Open to the ICLS community, these sessions are an important opportunity for our graduate students to present selections from their dissertations-in-progress and receive feedback from students and faculty. Please see the three presentations below.
For more information or to schedule to present in our spring colloquium, please contact the ICLS offices.
Thursday, November 10, 2011, 4:15pm
Arthur Dudney, Middle Eastern, South Asian, and African Studies
"New Aesthetics and the Power of Tradition in Eighteenth-Century Indo-Persian Poetry"
Arthur Dudney will present a chapter of his dissertation on Indo-Persian literary culture. ("Indo-Persian" refers to Persian-language texts written in India, where it was an important literary and administrative language.) Focusing on several works by the poet and critic Siraj al-Din Ali Khan Arzu (d. 1756), this chapter considers the eighteenth century as a hinge in Indian aesthetic theory. Indo-Persian literary practices were then still firmly anchored in a tradition defined by venerable Persian and Arabic critical texts, but Arzu and his circle recognized the tradition’s limitations.

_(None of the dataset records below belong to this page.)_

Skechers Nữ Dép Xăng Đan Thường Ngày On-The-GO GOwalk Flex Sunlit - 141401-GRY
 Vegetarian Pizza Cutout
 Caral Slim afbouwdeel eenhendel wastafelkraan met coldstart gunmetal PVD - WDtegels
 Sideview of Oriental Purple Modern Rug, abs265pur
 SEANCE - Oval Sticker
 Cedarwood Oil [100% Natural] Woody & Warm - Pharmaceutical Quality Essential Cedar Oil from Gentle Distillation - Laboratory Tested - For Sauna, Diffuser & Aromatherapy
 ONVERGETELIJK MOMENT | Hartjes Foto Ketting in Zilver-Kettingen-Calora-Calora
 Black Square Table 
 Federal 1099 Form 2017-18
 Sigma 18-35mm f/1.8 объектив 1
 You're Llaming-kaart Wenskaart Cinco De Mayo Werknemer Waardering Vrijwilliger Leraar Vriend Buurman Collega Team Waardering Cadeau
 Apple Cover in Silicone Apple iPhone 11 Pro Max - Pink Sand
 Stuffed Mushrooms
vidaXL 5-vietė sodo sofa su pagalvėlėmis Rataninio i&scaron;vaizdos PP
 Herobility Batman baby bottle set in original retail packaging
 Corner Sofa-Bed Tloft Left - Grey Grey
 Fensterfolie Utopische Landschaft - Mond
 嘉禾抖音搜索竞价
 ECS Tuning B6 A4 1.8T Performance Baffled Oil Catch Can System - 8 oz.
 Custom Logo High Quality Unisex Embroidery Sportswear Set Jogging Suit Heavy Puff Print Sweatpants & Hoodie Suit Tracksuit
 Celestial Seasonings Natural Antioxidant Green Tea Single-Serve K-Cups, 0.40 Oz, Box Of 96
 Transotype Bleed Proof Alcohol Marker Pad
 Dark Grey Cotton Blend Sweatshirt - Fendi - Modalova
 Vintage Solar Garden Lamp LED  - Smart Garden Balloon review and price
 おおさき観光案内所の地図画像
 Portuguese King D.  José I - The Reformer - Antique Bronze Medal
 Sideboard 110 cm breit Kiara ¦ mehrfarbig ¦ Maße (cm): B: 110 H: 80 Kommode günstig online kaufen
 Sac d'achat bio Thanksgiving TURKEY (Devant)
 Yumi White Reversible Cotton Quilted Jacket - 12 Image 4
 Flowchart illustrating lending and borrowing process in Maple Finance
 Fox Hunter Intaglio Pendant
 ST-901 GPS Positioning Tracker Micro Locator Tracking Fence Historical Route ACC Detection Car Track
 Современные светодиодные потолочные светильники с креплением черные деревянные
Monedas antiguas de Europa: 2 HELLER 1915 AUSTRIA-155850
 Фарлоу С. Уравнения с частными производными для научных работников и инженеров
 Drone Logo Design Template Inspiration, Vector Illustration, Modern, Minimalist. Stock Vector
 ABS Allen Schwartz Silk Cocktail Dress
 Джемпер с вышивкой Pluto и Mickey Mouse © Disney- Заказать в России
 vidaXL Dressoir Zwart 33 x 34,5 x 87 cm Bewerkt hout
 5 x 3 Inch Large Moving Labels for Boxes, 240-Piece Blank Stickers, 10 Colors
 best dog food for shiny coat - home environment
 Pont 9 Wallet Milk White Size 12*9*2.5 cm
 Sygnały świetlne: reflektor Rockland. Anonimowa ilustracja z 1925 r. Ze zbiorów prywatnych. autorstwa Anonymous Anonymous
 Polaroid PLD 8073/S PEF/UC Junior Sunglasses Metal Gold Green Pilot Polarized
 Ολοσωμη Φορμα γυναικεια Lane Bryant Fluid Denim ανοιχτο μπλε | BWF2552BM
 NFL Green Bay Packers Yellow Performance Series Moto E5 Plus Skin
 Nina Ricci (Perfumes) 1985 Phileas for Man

As in Europe at roughly the same time, the gap between the aesthetics of the Ancients [mutaqaddamīn] and of the Moderns [muta’akhkhirīn] could no longer be ignored. Arzu’s poetics attempted to ratify new poetic practices which had developed in the intervening centuries while still giving the Ancients pride of place. In doing so, he made note of Indian practices and used (what we would call) his linguistic and anthropological insights to change fundamentally the means of judging poetry. He was perhaps the first to rigorously define the differences in usage across the vast territory that used literary Persian—from Turkey across Central Asia to the Chinese frontier to India—in order to demonstrate conclusively that the Persian poetry written by Indians was as good, or better, than what Iranians wrote.
Thursday, November 17, 2011, 4:15pm *PLEASE NOTE THIS PRESENTATION HAS BEEN CANCELLED*
Ajay Chaudhary, Middle Eastern, South Asian, and African Studies
“How to Read Gharbzadegi: Al-e Ahmad, the Heidegger Hypothesis and Benjaminian Critique”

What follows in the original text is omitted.